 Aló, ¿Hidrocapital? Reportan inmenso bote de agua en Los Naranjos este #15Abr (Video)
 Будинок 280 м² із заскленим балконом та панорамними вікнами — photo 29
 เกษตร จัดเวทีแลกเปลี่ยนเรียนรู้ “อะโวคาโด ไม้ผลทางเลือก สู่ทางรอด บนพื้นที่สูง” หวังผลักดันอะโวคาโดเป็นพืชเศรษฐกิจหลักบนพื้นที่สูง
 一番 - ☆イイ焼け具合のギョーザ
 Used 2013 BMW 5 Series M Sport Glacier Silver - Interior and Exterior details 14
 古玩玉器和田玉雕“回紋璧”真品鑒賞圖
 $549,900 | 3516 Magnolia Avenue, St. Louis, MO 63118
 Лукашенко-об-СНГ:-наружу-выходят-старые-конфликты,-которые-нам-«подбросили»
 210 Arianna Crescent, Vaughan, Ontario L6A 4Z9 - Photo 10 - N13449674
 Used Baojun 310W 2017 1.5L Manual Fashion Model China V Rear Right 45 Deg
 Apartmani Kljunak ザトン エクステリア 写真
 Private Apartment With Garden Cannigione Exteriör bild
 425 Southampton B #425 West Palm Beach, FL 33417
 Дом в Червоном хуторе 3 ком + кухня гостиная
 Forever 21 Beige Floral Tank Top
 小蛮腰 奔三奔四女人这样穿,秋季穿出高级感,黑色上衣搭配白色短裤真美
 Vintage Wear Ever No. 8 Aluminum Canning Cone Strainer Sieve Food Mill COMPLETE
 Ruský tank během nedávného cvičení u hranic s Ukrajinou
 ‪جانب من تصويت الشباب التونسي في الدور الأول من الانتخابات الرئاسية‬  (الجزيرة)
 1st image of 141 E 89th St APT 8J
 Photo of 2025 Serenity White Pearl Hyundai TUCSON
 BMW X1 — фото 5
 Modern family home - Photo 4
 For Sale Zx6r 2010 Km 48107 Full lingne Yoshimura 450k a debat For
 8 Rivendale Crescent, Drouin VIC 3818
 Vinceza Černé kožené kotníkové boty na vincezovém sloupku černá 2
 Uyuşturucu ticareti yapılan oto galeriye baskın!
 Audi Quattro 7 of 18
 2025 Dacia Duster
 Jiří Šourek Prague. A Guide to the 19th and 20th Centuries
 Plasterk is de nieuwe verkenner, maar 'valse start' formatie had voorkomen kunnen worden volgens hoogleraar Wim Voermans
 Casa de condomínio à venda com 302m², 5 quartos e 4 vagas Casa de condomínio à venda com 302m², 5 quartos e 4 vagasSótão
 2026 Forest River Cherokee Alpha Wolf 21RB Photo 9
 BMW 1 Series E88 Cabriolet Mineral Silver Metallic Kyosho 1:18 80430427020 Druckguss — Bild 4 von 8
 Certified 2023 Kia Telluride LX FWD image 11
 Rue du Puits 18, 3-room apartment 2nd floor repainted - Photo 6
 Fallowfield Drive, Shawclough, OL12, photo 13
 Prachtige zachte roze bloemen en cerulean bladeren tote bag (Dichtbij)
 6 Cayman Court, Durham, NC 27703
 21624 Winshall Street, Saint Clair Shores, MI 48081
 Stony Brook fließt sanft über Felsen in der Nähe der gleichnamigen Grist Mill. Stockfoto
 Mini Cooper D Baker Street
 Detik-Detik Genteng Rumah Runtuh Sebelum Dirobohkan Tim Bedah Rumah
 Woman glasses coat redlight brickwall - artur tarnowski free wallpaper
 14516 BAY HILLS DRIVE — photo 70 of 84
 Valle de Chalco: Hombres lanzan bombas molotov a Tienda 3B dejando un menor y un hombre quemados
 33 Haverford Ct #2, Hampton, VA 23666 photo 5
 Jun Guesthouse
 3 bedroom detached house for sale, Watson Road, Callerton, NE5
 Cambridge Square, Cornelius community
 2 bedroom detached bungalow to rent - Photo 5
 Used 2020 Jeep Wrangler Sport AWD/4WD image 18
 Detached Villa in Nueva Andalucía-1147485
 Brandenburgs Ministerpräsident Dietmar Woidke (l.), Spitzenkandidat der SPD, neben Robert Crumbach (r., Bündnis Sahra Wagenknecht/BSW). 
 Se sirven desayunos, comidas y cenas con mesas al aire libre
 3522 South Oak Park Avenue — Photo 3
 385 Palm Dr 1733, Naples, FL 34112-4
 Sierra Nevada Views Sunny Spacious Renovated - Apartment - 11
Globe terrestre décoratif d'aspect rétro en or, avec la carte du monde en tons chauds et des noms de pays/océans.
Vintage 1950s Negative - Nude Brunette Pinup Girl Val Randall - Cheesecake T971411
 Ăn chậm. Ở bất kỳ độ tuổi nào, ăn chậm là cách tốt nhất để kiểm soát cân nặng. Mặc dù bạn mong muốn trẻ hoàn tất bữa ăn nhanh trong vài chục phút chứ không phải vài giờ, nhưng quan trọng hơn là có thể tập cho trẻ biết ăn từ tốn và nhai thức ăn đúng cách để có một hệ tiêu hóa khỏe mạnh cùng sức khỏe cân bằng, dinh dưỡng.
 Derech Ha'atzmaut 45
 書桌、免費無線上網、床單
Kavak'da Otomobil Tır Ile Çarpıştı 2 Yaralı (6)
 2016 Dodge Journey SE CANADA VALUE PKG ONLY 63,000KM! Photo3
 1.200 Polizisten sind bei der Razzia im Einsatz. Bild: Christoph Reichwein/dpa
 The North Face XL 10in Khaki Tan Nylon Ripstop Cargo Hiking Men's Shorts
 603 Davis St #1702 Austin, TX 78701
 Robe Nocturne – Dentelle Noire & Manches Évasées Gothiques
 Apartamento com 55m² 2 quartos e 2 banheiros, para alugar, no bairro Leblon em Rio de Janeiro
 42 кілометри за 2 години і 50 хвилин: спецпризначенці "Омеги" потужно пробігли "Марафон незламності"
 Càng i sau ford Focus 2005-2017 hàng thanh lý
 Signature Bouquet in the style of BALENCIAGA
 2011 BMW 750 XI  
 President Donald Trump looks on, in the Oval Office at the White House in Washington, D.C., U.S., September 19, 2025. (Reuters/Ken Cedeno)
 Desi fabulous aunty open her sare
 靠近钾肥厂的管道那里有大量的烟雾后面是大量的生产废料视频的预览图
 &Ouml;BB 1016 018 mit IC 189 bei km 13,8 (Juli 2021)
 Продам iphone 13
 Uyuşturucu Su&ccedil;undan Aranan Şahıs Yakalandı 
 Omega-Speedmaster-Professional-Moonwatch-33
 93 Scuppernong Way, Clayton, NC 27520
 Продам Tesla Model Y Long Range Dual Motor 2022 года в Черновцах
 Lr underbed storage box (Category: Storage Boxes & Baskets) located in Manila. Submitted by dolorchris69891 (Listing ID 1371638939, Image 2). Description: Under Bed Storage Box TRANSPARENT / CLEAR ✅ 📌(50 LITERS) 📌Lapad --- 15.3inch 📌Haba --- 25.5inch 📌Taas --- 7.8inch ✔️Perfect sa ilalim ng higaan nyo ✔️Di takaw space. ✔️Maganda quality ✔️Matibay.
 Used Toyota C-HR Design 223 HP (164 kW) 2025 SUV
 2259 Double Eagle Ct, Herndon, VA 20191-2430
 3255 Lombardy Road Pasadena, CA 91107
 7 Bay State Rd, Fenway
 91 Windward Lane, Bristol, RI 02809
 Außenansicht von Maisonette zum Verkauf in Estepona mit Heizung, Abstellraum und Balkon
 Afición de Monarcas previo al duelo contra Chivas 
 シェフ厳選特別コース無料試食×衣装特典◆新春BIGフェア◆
——
• Instructions for the task:
Scan the entries above for the word "Avenue", then copy every line in which it occurs.

• Output below:
 $549,900 | 3516 Magnolia Avenue, St. Louis, MO 63118
 3522 South Oak Park Avenue — Photo 3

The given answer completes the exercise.